**What you need to do**
Could you write out, exactly as they stand, only the lines in the listing below from the line with "Colorful Decorative Crystal" to the line with "Produktbild von Briefmarken", both ends included, without the pictures?

━━ Data under study ━━

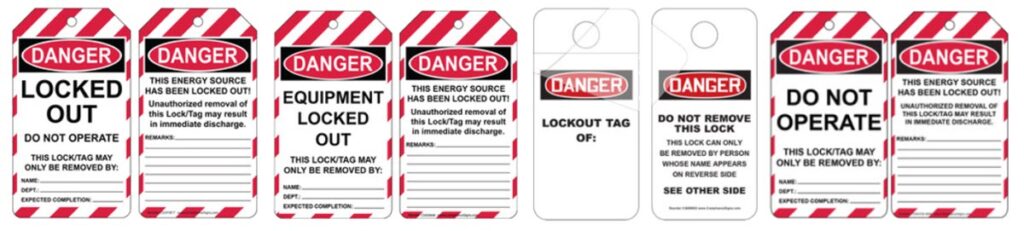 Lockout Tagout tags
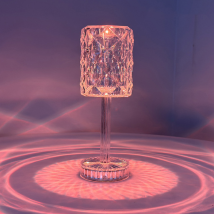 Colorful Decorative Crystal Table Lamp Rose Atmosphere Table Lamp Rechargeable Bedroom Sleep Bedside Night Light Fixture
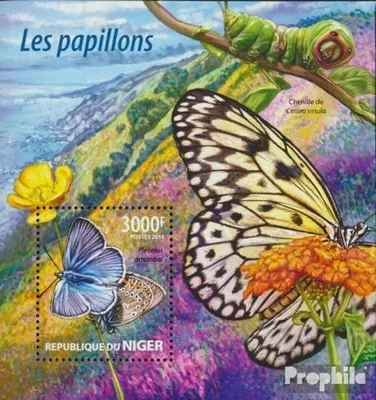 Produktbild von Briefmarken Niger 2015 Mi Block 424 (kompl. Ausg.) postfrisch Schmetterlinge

━━━
━━ Data under study ━━

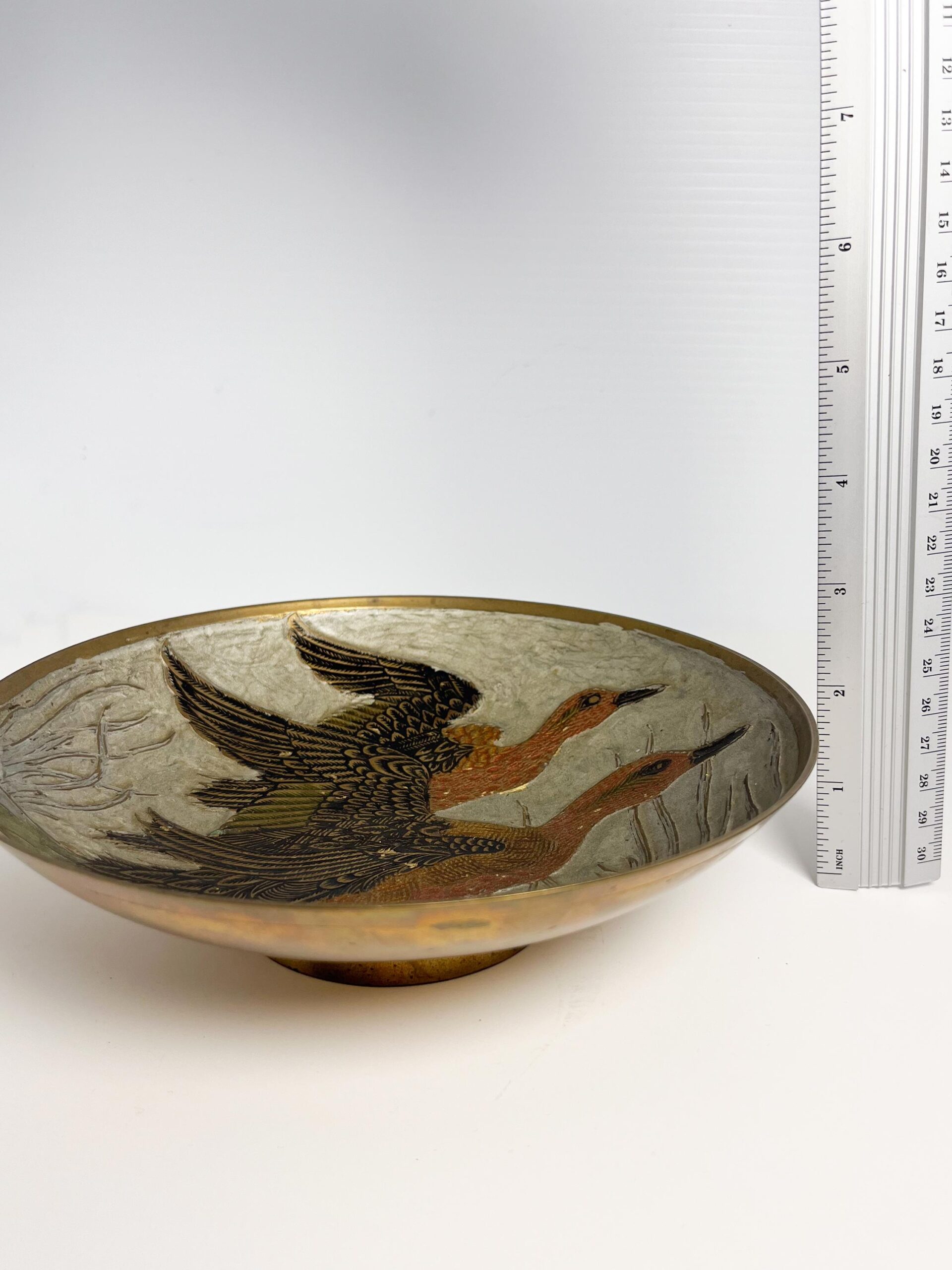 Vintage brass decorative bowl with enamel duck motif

━━━
━━ Data under study ━━

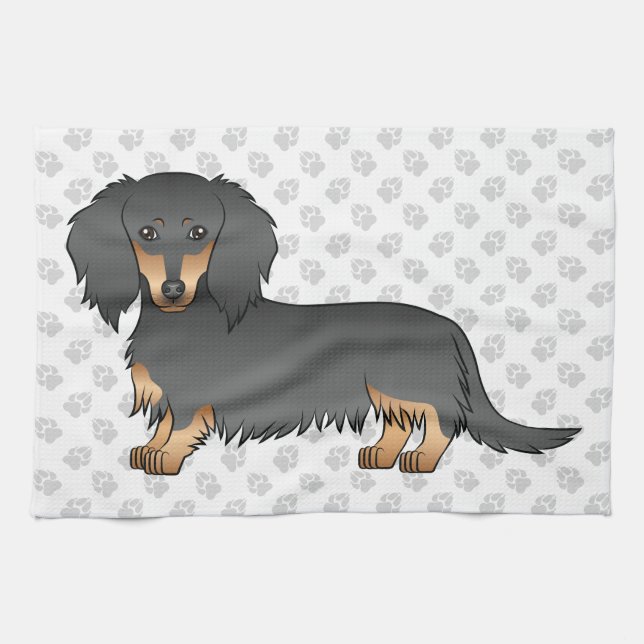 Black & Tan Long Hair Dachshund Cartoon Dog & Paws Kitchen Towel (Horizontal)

━━━

**Answer to this exercise**
 Colorful Decorative Crystal Table Lamp Rose Atmosphere Table Lamp Rechargeable Bedroom Sleep Bedside Night Light Fixture
 Produktbild von Briefmarken Niger 2015 Mi Block 424 (kompl. Ausg.) postfrisch Schmetterlinge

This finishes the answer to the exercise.